>>>
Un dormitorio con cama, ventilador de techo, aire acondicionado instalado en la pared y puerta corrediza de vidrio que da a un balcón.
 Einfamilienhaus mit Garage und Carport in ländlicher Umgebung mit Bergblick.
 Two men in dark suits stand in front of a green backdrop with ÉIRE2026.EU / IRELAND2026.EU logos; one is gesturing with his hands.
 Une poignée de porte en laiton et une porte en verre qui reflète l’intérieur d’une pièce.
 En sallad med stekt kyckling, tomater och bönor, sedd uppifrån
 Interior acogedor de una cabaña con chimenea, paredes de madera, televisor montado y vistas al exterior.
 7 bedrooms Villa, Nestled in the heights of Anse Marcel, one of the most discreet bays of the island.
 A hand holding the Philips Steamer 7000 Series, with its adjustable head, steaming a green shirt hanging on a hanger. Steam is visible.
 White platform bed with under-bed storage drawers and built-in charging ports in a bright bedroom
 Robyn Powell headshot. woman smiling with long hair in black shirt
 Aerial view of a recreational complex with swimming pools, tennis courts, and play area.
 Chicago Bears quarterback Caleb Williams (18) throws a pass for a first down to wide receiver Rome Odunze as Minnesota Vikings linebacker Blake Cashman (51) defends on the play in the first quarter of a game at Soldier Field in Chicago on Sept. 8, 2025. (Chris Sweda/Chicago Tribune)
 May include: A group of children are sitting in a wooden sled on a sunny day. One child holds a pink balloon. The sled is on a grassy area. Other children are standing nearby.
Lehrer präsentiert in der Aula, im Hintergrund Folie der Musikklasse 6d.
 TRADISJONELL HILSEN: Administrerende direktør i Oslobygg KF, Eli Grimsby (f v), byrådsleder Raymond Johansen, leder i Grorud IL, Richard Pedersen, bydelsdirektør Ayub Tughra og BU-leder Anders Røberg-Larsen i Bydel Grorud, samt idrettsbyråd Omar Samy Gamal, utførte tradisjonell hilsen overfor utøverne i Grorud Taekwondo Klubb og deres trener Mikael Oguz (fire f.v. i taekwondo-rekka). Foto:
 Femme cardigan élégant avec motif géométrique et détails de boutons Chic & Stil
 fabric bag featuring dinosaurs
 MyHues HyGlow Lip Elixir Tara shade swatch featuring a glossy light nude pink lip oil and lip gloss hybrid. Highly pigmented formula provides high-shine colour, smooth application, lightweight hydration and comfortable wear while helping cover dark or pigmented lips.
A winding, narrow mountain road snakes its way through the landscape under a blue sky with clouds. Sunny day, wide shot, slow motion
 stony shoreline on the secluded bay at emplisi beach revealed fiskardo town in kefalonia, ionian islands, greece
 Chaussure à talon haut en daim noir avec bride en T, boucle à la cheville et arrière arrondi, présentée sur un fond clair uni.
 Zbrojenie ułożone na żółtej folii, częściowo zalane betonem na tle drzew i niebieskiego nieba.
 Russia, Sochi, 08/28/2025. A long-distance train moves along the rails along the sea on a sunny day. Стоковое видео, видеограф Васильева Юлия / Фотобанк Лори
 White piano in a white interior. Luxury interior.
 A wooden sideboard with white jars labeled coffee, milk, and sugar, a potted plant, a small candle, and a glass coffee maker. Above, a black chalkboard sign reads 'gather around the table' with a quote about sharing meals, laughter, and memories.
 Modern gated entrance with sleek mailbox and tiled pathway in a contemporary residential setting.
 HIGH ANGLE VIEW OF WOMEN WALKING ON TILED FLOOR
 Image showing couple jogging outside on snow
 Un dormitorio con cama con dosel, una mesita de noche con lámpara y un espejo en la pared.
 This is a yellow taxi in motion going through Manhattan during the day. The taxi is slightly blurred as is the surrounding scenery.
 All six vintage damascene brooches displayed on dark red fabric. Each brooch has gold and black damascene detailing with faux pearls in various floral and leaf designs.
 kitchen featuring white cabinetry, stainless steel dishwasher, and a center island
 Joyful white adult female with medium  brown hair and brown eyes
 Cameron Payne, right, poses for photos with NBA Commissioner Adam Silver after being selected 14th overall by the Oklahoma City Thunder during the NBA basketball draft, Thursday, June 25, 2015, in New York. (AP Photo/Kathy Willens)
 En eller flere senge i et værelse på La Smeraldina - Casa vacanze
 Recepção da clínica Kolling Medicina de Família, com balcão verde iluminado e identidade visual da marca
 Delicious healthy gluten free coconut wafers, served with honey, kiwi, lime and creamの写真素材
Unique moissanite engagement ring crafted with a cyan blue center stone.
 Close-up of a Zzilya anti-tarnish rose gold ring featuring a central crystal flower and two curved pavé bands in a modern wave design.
<<<
§ **YOUR GOAL**
However many lines the data holds, return each one exactly.

§ **RESPONSE TO THIS EXERCISE**
Un dormitorio con cama, ventilador de techo, aire acondicionado instalado en la pared y puerta corrediza de vidrio que da a un balcón.
 Einfamilienhaus mit Garage und Carport in ländlicher Umgebung mit Bergblick.
 Two men in dark suits stand in front of a green backdrop with ÉIRE2026.EU / IRELAND2026.EU logos; one is gesturing with his hands.
 Une poignée de porte en laiton et une porte en verre qui reflète l’intérieur d’une pièce.
 En sallad med stekt kyckling, tomater och bönor, sedd uppifrån
 Interior acogedor de una cabaña con chimenea, paredes de madera, televisor montado y vistas al exterior.
 7 bedrooms Villa, Nestled in the heights of Anse Marcel, one of the most discreet bays of the island.
 A hand holding the Philips Steamer 7000 Series, with its adjustable head, steaming a green shirt hanging on a hanger. Steam is visible.
 White platform bed with under-bed storage drawers and built-in charging ports in a bright bedroom
 Robyn Powell headshot. woman smiling with long hair in black shirt
 Aerial view of a recreational complex with swimming pools, tennis courts, and play area.
 Chicago Bears quarterback Caleb Williams (18) throws a pass for a first down to wide receiver Rome Odunze as Minnesota Vikings linebacker Blake Cashman (51) defends on the play in the first quarter of a game at Soldier Field in Chicago on Sept. 8, 2025. (Chris Sweda/Chicago Tribune)
 May include: A group of children are sitting in a wooden sled on a sunny day. One child holds a pink balloon. The sled is on a grassy area. Other children are standing nearby.
Lehrer präsentiert in der Aula, im Hintergrund Folie der Musikklasse 6d.
 TRADISJONELL HILSEN: Administrerende direktør i Oslobygg KF, Eli Grimsby (f v), byrådsleder Raymond Johansen, leder i Grorud IL, Richard Pedersen, bydelsdirektør Ayub Tughra og BU-leder Anders Røberg-Larsen i Bydel Grorud, samt idrettsbyråd Omar Samy Gamal, utførte tradisjonell hilsen overfor utøverne i Grorud Taekwondo Klubb og deres trener Mikael Oguz (fire f.v. i taekwondo-rekka). Foto:
 Femme cardigan élégant avec motif géométrique et détails de boutons Chic & Stil
 fabric bag featuring dinosaurs
 MyHues HyGlow Lip Elixir Tara shade swatch featuring a glossy light nude pink lip oil and lip gloss hybrid. Highly pigmented formula provides high-shine colour, smooth application, lightweight hydration and comfortable wear while helping cover dark or pigmented lips.
A winding, narrow mountain road snakes its way through the landscape under a blue sky with clouds. Sunny day, wide shot, slow motion
 stony shoreline on the secluded bay at emplisi beach revealed fiskardo town in kefalonia, ionian islands, greece
 Chaussure à talon haut en daim noir avec bride en T, boucle à la cheville et arrière arrondi, présentée sur un fond clair uni.
 Zbrojenie ułożone na żółtej folii, częściowo zalane betonem na tle drzew i niebieskiego nieba.
 Russia, Sochi, 08/28/2025. A long-distance train moves along the rails along the sea on a sunny day. Стоковое видео, видеограф Васильева Юлия / Фотобанк Лори
 White piano in a white interior. Luxury interior.
 A wooden sideboard with white jars labeled coffee, milk, and sugar, a potted plant, a small candle, and a glass coffee maker. Above, a black chalkboard sign reads 'gather around the table' with a quote about sharing meals, laughter, and memories.
 Modern gated entrance with sleek mailbox and tiled pathway in a contemporary residential setting.
 HIGH ANGLE VIEW OF WOMEN WALKING ON TILED FLOOR
 Image showing couple jogging outside on snow
 Un dormitorio con cama con dosel, una mesita de noche con lámpara y un espejo en la pared.
 This is a yellow taxi in motion going through Manhattan during the day. The taxi is slightly blurred as is the surrounding scenery.
 All six vintage damascene brooches displayed on dark red fabric. Each brooch has gold and black damascene detailing with faux pearls in various floral and leaf designs.
 kitchen featuring white cabinetry, stainless steel dishwasher, and a center island
 Joyful white adult female with medium  brown hair and brown eyes
 Cameron Payne, right, poses for photos with NBA Commissioner Adam Silver after being selected 14th overall by the Oklahoma City Thunder during the NBA basketball draft, Thursday, June 25, 2015, in New York. (AP Photo/Kathy Willens)
 En eller flere senge i et værelse på La Smeraldina - Casa vacanze
 Recepção da clínica Kolling Medicina de Família, com balcão verde iluminado e identidade visual da marca
 Delicious healthy gluten free coconut wafers, served with honey, kiwi, lime and creamの写真素材
Unique moissanite engagement ring crafted with a cyan blue center stone.
 Close-up of a Zzilya anti-tarnish rose gold ring featuring a central crystal flower and two curved pavé bands in a modern wave design.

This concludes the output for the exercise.